Department of Surgery, Maastricht University Medical Centre, the Netherlands.
Department of Surgery, Maastricht University Medical Centre, the Netherlands.
HPB (Oxford). 2021 Jul;23(7):984-993. doi: 10.1016/j.hpb.2021.01.016. Epub 2021 Feb 3.
Favorable outcomes of laparoscopic hepatectomy (LH) over open hepatectomy (OH) have been demonstrated.
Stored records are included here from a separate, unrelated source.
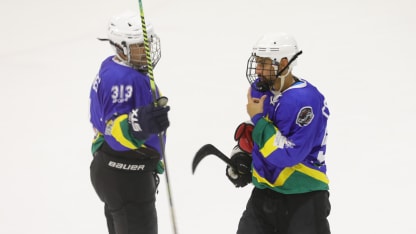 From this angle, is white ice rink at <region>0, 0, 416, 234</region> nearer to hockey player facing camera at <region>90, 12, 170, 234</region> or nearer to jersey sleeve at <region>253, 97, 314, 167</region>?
hockey player facing camera at <region>90, 12, 170, 234</region>

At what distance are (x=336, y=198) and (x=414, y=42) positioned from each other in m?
2.92

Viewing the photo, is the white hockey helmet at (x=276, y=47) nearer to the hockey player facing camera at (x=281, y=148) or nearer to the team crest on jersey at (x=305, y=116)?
the hockey player facing camera at (x=281, y=148)

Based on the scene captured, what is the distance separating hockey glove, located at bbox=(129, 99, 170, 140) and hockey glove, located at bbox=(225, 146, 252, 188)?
0.43 meters

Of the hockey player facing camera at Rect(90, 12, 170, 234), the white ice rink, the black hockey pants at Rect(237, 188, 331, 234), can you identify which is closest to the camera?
the hockey player facing camera at Rect(90, 12, 170, 234)

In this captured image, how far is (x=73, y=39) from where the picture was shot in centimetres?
648

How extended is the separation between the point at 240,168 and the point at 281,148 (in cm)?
36

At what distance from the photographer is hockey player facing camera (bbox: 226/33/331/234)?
7.16 feet

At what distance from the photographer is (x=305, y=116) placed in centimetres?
217

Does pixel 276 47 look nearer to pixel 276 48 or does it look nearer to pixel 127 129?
pixel 276 48

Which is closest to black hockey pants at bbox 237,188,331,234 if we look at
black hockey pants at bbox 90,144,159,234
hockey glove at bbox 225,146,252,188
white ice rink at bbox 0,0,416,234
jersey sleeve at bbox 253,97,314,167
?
hockey glove at bbox 225,146,252,188

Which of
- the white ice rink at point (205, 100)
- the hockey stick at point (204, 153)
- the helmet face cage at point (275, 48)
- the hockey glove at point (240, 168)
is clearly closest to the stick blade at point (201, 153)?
the hockey stick at point (204, 153)

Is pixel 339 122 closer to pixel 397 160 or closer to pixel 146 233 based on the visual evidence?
pixel 397 160

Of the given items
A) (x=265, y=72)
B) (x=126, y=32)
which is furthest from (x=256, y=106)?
(x=126, y=32)

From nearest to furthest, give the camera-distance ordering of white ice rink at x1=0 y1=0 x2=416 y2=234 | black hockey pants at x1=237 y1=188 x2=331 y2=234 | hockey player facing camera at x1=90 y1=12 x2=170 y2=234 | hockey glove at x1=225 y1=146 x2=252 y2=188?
hockey player facing camera at x1=90 y1=12 x2=170 y2=234
black hockey pants at x1=237 y1=188 x2=331 y2=234
hockey glove at x1=225 y1=146 x2=252 y2=188
white ice rink at x1=0 y1=0 x2=416 y2=234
LH offers less postoperative morbidity, less blood loss, and shorter hospital stay, while maintaining oncological safety. Only limited evidence about outcomes of LH in elderly is currently available. Therefore, this study aimed to compare short term outcomes of LH to OH for patients >65 years.
A systematic review and meta-analysis were performed according to Cochrane guidelines. Embase, PubMed, Cochrane Library, and Google Scholar were searched to identify eligible studies. Studies were included if they compared LH to OH, and focused on an elderly population, or had a majority of patients >65 years. Perioperative and postoperative outcomes were analyzed.
Thirteen studies with 1174 patients (LH:532, OH:642) were included for analysis. When compared to OH, elderly undergoing LH had significantly less postoperative complications (risk ratio [RR]0.52; 95% confidence interval (CI):0.43-0.63), less blood loss (mean difference [MD]-198.58; 95% CI:-299.88 to -97.28), and shorter length of stay (MD-4.83; 95%CI:-7.91 to -1.84), while oncological safety was non-inferior (RR1.04; 95%CI:1.00-1.08).
Within the elderly population LH seems to be superior to OH, concerning short-term outcomes. However, for broader applicability more trials are needed including more difficult and major resections.
腹腔镜肝切除术(LH)优于开腹肝切除术(OH)的结果已得到证实。LH 具有术后发病率低、出血量少、住院时间短的优点,同时保持肿瘤学安全性。目前只有有限的证据表明 LH 对老年患者的结果。因此,本研究旨在比较 LH 与 OH 对>65 岁患者的短期结果。
根据 Cochrane 指南进行系统评价和荟萃分析。检索 Embase、PubMed、Cochrane 图书馆和 Google Scholar,以确定合格的研究。如果研究比较了 LH 与 OH,并且重点关注老年人群体,或者大多数患者>65 岁,则将其纳入研究。分析了围手术期和术后结果。
纳入了 13 项研究,共 1174 名患者(LH:532,OH:642)进行分析。与 OH 相比,接受 LH 的老年患者术后并发症明显减少(风险比 [RR]0.52;95%置信区间 [CI]:0.43-0.63),出血量减少(平均差异 [MD]-198.58;95%CI:-299.88 至-97.28),住院时间缩短(MD-4.83;95%CI:-7.91 至-1.84),而肿瘤学安全性非劣效(RR1.04;95%CI:1.00-1.08)。
在老年人群中,LH 似乎在短期结果方面优于 OH。然而,为了更广泛的适用性,需要更多的试验,包括更困难和更大的切除。